I think when they designed PlaneScape religious overlap was extactly what they
were looking for, and for the most part, did a good job on.  After all, when
mortals are walking around in afterlives, you want to make it as true to the
legends as possible right?  (and in PlaneScape's PC manner, trying as hard
as possible not to offend anyone).  What is TOPY?
birdnoir
response 12 of 17: Mark Unseen   Aug 16 18:33 UTC 1998

        It is the task of the dis-incarnate souls to dine the length of their
time 'away' from the world of flesh. By the way, 'Souls' may incarnate in the
past (as viewed from the 'present') as well as in the 'future'.
bjorn
response 13 of 17: Mark Unseen   Aug 16 20:01 UTC 1998

Interseting, but I'm not quite sure it answers my question.
jimhoyt
response 14 of 17: Mark Unseen   Aug 18 17:36 UTC 1998

I find the idea of a fixed period of time between incarnations to be amusing --
a form of live-ism that we, the living, find comforting.
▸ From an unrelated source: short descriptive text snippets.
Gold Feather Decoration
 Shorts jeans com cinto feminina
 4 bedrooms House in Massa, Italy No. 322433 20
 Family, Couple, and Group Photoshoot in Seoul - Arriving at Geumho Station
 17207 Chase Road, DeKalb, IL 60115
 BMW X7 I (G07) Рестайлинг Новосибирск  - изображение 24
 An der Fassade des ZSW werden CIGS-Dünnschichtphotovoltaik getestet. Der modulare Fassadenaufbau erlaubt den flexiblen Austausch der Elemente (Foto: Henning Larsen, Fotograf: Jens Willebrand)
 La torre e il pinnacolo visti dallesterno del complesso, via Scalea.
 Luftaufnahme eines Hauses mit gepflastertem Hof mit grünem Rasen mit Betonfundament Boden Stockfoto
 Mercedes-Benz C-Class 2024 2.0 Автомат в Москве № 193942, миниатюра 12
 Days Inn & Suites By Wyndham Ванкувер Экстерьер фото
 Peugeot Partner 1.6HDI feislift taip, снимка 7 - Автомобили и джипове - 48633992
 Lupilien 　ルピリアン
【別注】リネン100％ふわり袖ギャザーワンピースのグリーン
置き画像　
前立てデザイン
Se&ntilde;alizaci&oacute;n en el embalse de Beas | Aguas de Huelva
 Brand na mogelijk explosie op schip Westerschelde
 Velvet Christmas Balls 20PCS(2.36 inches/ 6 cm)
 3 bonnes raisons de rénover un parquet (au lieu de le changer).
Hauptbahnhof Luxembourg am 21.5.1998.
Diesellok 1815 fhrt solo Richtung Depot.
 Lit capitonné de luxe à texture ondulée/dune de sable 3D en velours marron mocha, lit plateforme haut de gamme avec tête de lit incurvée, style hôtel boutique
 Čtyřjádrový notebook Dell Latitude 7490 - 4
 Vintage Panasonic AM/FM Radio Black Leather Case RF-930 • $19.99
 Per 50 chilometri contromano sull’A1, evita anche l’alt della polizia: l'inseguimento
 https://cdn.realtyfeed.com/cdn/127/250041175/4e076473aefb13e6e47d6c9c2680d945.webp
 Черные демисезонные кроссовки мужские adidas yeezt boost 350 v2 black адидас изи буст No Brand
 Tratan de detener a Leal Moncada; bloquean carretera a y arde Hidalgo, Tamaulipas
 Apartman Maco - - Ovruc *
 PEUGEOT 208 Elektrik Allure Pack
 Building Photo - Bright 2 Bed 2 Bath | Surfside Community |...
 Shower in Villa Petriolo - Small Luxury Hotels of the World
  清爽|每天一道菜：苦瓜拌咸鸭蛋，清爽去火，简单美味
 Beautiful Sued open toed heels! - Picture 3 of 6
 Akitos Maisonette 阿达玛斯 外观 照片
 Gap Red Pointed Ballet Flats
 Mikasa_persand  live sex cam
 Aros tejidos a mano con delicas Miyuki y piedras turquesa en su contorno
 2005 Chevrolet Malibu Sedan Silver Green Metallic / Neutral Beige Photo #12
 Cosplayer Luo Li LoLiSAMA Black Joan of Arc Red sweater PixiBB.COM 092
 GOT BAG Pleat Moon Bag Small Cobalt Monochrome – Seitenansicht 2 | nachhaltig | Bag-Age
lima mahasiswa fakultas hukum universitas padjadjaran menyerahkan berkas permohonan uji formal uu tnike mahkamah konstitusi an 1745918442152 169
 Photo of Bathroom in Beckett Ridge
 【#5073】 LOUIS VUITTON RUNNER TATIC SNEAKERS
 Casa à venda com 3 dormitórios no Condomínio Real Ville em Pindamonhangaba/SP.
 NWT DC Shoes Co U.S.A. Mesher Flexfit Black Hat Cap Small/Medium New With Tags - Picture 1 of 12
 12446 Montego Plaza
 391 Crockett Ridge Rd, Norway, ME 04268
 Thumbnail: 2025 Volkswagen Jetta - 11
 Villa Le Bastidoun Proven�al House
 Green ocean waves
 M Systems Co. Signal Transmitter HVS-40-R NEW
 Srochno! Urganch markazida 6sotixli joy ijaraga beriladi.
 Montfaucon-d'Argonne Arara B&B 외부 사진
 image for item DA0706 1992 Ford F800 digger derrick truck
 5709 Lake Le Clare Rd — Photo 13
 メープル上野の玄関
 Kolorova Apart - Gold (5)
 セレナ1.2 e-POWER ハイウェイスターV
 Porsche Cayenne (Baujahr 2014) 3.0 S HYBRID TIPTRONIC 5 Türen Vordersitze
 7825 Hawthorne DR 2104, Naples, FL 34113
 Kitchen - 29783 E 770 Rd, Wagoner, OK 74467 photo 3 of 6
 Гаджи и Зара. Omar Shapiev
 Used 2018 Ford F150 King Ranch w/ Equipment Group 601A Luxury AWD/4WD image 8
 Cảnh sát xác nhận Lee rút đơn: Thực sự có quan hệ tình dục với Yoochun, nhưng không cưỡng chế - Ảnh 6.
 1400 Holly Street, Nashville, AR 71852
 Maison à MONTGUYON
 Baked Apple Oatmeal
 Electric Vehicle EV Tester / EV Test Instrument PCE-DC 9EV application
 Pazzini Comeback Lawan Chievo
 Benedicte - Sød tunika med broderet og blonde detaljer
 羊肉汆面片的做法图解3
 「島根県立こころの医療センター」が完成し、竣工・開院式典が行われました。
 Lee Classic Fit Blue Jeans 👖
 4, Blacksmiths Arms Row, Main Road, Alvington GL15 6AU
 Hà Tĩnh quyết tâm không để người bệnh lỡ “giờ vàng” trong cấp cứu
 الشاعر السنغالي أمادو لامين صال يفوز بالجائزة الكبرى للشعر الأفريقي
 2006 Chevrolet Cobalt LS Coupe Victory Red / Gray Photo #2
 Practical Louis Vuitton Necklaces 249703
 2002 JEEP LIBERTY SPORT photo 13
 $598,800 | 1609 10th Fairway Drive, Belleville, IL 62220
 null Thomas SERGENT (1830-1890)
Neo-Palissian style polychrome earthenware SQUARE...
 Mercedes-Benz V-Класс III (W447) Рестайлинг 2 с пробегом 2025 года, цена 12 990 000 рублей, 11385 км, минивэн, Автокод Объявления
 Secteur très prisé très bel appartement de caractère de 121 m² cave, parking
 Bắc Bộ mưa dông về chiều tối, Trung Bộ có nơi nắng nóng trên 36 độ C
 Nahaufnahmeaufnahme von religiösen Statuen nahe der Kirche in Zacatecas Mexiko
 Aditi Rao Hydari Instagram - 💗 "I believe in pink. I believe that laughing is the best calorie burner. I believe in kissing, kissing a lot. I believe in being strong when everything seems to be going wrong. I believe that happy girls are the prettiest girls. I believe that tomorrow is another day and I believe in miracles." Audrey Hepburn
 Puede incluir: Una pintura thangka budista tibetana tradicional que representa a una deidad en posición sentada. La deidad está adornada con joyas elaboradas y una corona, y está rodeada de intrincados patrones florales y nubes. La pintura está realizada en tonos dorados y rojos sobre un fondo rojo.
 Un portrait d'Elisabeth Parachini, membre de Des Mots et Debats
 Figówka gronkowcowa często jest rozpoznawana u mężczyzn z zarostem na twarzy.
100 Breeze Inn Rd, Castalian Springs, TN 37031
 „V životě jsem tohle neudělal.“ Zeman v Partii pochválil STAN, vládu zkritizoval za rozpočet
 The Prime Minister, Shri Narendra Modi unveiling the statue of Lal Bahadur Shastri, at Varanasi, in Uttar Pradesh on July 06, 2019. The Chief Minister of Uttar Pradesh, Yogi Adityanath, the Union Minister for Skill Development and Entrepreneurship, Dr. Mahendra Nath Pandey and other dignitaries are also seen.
That said, the Tibn
Book of the Dead has the most 'authoratative' claim to setting a fixed period
of time.
void
response 15 of 17: Mark Unseen   Oct 3 21:01 UTC 1998

   there's a fair bit of difference among traditions.  some say it's
around two weeks, some say it's a hundred days.  my personal belief,
reinforced by some work i've done in tracing my own past lives, is that
it's as long as your soul needs to recover from whatever happened when
it was last carnate.  the break i seem to have taken between one
past life which was particularly traumatic and the next, which was less
so, was about 1500 terrestrial years.
kami
response 16 of 17: Mark Unseen   Oct 4 07:10 UTC 1998

Sounds about right...
jimhoyt
response 17 of 17: Mark Unseen   Oct 12 20:11 UTC 1998

This may be the best example of YMMV...in this soul's case it's about 15 years.